Clean Cartier Edition: 1985 Lincoln Town Car

Disclosure: This site may receive compensation from some link clicks and purchases.

Here’s a car you used to see everywhere but is now surprisingly hard to find. In general, the Lincoln Town Car appears to have disappeared from the road, especially the first generation models like this one. This particular example is a 1985 Cartier edition model and it appears to be in excellent condition for an unrestored car. The Town Car was Lincoln’s bread-and-butter entry for many years, and perhaps there’s no clearer sign of the generational shift that’s happening than the fact that you don’t see very many of these still serving as daily drivers. Find this Town Car here on eBay for $5,500 or best offer.

Like so many other legendary Ford products of the 1980s, the Town Car was built atop the Panther platform. This chassis underpinned numerous models across the Ford, Lincoln, and Mercury lineups, and proved itself to be durable and versatile. The Panther platform was not only versatile but helped to address numerous other challenges when it came to building Ford’s larger sedan lineup, from reducing curb weights to improving handling characteristics. It’s no surprise that so many police departments depended on the Crown Victoria for so many years as there had never before been such an ideal combination of interior space, V8 power, and respectable handling.

Interestingly, this Town Car doesn’t have acres of leather inside, as the Cartier trim line might have led you to believe. However, there was still plenty of luxury, with features including power seats, keyless entry, woodgrain trim, and there was even an optional JBL stereo with CD player.
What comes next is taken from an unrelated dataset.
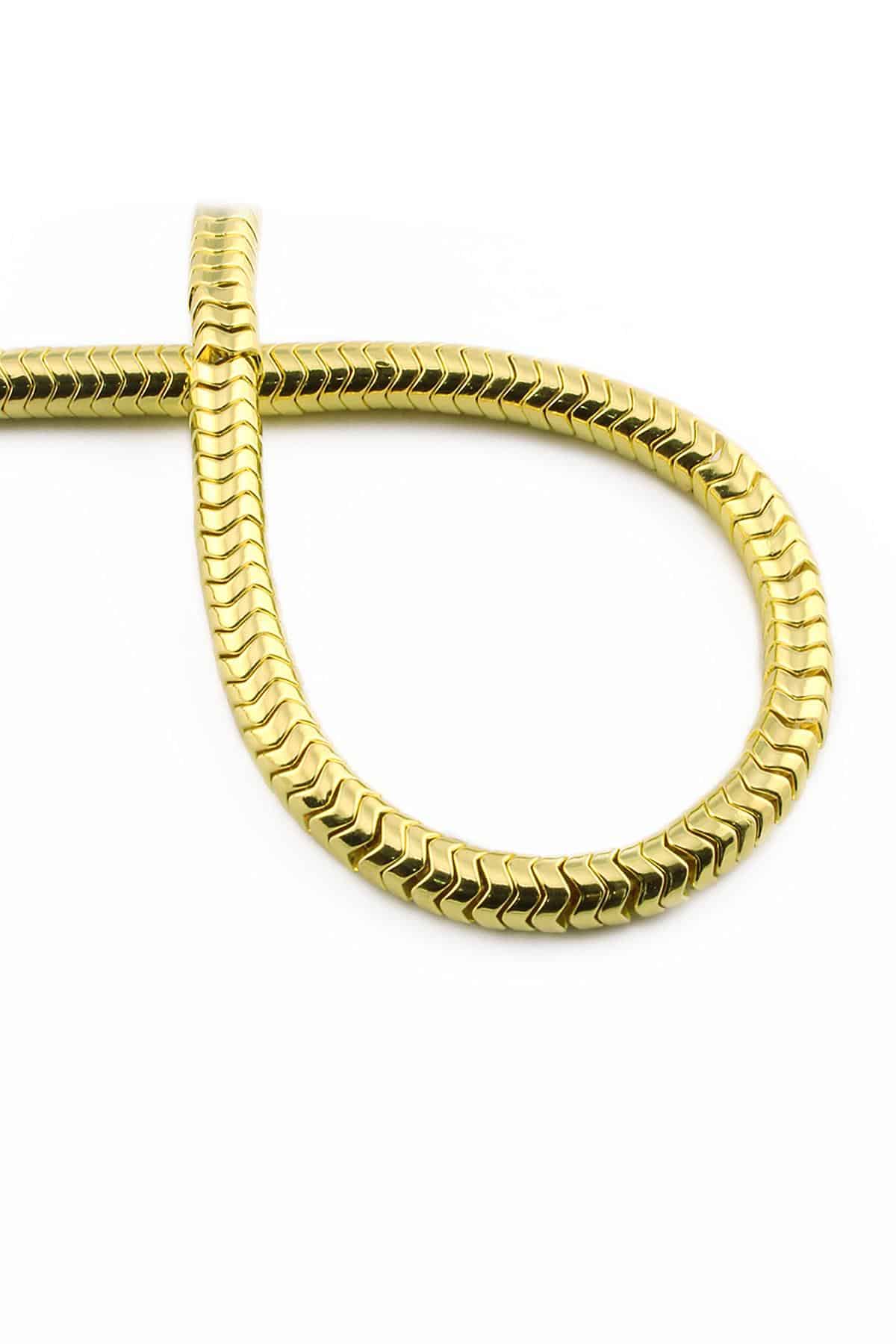 Hematite Natural Stone Shiny Gold Yellow 6x2mm String Of Beads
The Cartier cars also got the padded coach-style roof with the frenched slit-style window behind the back doors. When it came to equipment levels, the Town Car was pretty much loaded in any configuration, and some advanced technology (for the time) worked its way into the cabin, including a trip computer with miles to empty and estimated time of arrivals read-outs. The seller notes a few things aren’t working in this regard, however, and those details are explained below.

The photos in the gallery show plenty of hand-written notes and other documentation that almost guarantees this Town Car was in the hands of an older owner until recently. The seller notes that the temperature gauge isn’t working, which is a big one for me – older cars must have a functional temp gauge if I’m going to drive it any meaningful distance. The door and trunk keys are missing, but the seller claims he replies on the keyless entry system for access. Some new parts have been thrown at it, including a water pump, brakes, and stater, but it does still occasionally stall out. Overall, it needs some fine-tuning, but the clean cosmetic condition makes this Town Car worthy of a refresh.

Auctions Ending Soon


  1. Steve

    eBay listing shows it as a 1983, not a 1985.

    Like 7
    • Rick

      When I saw the photo of the tail lights and the backup lights I was pretty sure it wasn’t a 1985. My mom had owned a 1987 Town Car, and one way I could keep the years straight was to remember that the 1985 – 1987 had a single light in the center. The 1988 – 1990 had two, one at each outer side.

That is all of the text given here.